I use paper slips to create my pairings and write all the info on it including lane and bye condition.
so it is easy for me to manipulate a bye to the first pairing in the next round, insuring no back to back byes. and I can see, in later rounds, if a racer has had a previous bye and correct the pairings if necessary.
there are other systems which include two byes in the first round to even out the field into a "divisible by four" situation.
there is no easy answer and certainly not everyone is going to be pleased.
in the course of racing one might want to go to a different system for eliminations. with a smal field, we sometimes have the winner of the first pairing come right back to start line and race next person in line. a given number of wins has already been determined to select winner.
if same person wins his second race, he continues to race next person in line....
until he loses at which time he goes to end of line. eventually someone will rise to the number of wins required and event will be over. good for newcomers and kids because no one is eliminated early and forced to watch everyone else still having fun racing.
and if you are bracket racing, meaning the slower car gets a green light before the faster car, then this forces folks to be really careful entering their dial in.
if bracket racing doesn't mean that to you, perhaps an explanation of what you do mean would be helpful to others riding along. 
LOL


----------



## pshoe64 (Jun 10, 2008)

I forgot the traditional term bracket racing in drag comp and the class mix staggered start process. We are just pairing up the cars by age group and trying to get an equal representation/chance for the racers. We do 2 brackets, 1 primary, losers in the 1st round primary move to the 2nd bracket. Once in the secondary bracket you have to keep winning to stay in. The 2nd bracket gets additional racers as the lose in the primary rounds. The winner of the secondary bracket (no losses) moves into the semi-final of the primary with a chance to win it all with 2 more wins.

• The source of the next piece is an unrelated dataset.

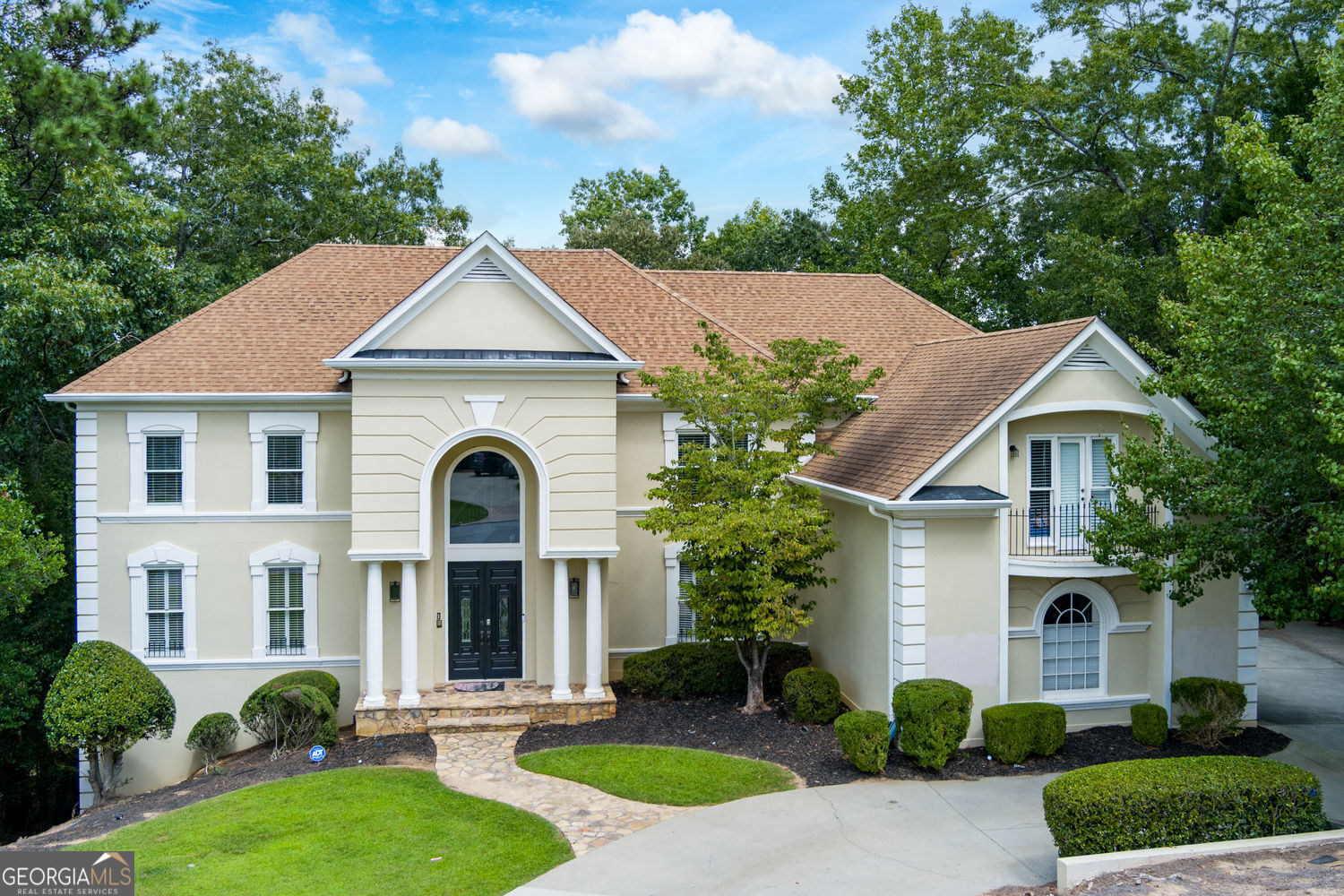 Wonderfully renovated estate home featuring a two story marble foyer with coat closet. Winding staircase with iron balusters opens to the vaulted great room with wall of windows, gas fireplace and built-in cabinets, bookshelves, bar with sink, cabinets and wine rack. Separate spacious living room. Half bathroom. Huge chef's kitchen makes entertaining a breeze with it's wine refrigerator, granite countertops, abundant cabinetry, stainless steel dishwasher, refrigerator, breakfast bar and built-in desk. The open dining room and living room help the entertainment flow without missing a beat. Don't miss the window seat that overlooks the spacious multi-level deck. Gorgeous primary bedroom retreat with fireplace, coffered, lighted ceiling, hardwood flooring updated lighting and access to the deck. Spa primary bathroom features a clay foot bathtub, double vanities with abundant countertop space, cabinetry, glass tile shower, tile and stone surround and marble flooring. Spacious secondary bedrooms and updated full bathrooms with no detail left unturned. Vaulted bonus room with several closets. Completely finished terrace level with wine room, two large bedrooms and spacious spa bathroom with tile shower, separate soaking tub, tile flooring and wall surrounds. Workout room with ceiling fan and luxury plank flooring. Full bathroom with tile shower. Full kitchen in basement with gas stove, vent hood and stainless-steel refrigerator. Full bar and theatre ready to enjoy! Exit onto the covered deck with ceiling fan. Sentinel on the River features a community pool and tennis courts. Walk to the Chattahoochee River from your home. Wonderful schools and conveniently located to shopping, restaurants, golf courses and healthcare facilities.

Our problem is the odd number and the byes between the 2 brackets. I've been weighing the idea of everyone races each other once and tally the wins and losses, most wins takes it all. Ties would race each other in a final shot at the title.

Thanks for the feedback Al. I've been trying to come up with some ideas and seeing what others are doing is a big help.

-Paul


----------



## jobobvideo (Jan 8, 2010)

How many drivers do you have on average? that might help in coming up with a solution...

It seems you need some sort of qualifying...to tournament bracket them out.

I like the all race all win loss idea...give a top qualifier trophy...then bracket the the top 16 for the championship??? might be a long day


----------



## pshoe64 (Jun 10, 2008)

The number of drivers grows every year. We had 80+ registered with around 50 total that showed, from 3 age groups. Elementary and middle school makes up the majority of the drivers with around 10-12 from high school. We have around 4 hours to complete the competition. That's why we moved to drag racing 4 years ago, to get as many student involved as possible. We always get an odd number in one group or another and the bye scenario gets more convoluted each year. I'm actually looking at a darts tournament bracket software that looks like it will rotate the bye. It's pricey, but maybe worth the investment to avoid the headaches.

-Paul


----------